Wednesday, March 24, 2010

Fujitsu Introduces Xeon Based Primergy System

Following the release of Intel's next generation Xeon 5600 server processor, Fujitsu America has joined the ranks of server partners looking towards the cloud. The Japanese based Fujitsu plans to roll out its new Xeon 5600 equipped Primergy systems through its American counterpart specifically targeting cloud computing environments.

The Primergy CX1000 system can hold up to 38 of the 1U CX1000 rack systems which, according to Jon Rodriguez, senior product manager for Primergy at Fujitsu America, allows for a more efficient high-density computing system. In addition, the Primergy systems sport a new cabinet design featuring shared power distribution and new cooling components. The motivation behind this new design was to eliminate traditional "hot aisle - cold aisle" setups seen in many datacenters and to allow the Fujitsu cabinets to be placed back-to-back.

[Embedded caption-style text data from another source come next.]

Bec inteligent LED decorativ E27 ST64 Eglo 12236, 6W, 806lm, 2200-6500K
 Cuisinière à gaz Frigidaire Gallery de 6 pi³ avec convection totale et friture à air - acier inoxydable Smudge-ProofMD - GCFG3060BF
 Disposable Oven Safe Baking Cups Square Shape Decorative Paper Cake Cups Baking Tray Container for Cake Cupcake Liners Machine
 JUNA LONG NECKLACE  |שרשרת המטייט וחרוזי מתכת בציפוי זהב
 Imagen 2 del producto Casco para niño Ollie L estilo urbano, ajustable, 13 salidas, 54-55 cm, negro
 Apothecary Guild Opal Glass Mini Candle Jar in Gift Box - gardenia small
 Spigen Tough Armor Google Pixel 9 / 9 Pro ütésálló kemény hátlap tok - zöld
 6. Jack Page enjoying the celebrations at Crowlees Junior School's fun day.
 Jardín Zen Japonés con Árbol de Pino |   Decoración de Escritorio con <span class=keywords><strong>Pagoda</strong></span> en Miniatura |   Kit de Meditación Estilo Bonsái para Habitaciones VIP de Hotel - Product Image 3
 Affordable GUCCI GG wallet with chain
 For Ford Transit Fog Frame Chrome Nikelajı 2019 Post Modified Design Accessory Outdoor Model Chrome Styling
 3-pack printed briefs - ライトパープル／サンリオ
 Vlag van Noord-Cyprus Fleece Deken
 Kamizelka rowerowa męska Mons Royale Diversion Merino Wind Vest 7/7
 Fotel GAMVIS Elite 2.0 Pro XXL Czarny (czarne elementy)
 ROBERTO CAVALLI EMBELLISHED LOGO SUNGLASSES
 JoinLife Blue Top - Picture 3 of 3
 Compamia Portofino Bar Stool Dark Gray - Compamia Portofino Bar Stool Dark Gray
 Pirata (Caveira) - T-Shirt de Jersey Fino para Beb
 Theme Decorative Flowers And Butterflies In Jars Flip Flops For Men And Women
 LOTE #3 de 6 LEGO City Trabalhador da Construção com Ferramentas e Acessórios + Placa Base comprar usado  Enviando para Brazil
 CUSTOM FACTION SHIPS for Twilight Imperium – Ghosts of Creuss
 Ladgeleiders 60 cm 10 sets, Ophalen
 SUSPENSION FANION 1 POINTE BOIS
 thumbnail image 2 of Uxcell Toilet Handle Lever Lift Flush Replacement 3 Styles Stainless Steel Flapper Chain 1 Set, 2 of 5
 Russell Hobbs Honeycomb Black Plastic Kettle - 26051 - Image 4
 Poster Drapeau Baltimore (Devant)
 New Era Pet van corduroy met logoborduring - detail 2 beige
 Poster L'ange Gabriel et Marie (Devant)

Rather than placing a power supply on each rack, Fujitsu chose to instead implement a central power supply that will feed each individual rack. Also, the backs of the cabinets have been sealed off and large fans and exhaust vents are now located on the top of the server. Like previously mentioned, these racks can be placed back to back allowing for a more efficient use of space in the data center.

According to Fujitsu, these cabinets are up to 20 percent more power efficient than other comparable server systems due to their Cool-Central design which dictates how air flows throughout the cabinet. Essentially this allows the system to separate heat from various components and dictates where fans are placed for optimum air flow. Target markets for the CX1000 are going to primarily revolve around cloud computing providers and hosts, businesses looking to reduce costs by deploying their own cloud servers, Web 2.0 environments, and high-performance computing markets.

The Primergy CX1000 systems will be available from Fujitsu America resellers by the end of march. A fully loaded rack with 38 servers, a single processor per socket, and 16GB of memory will run in the ballpark of $89,000 per rack. Of course, price will increase as more CPUs, hard drives, and memory is added.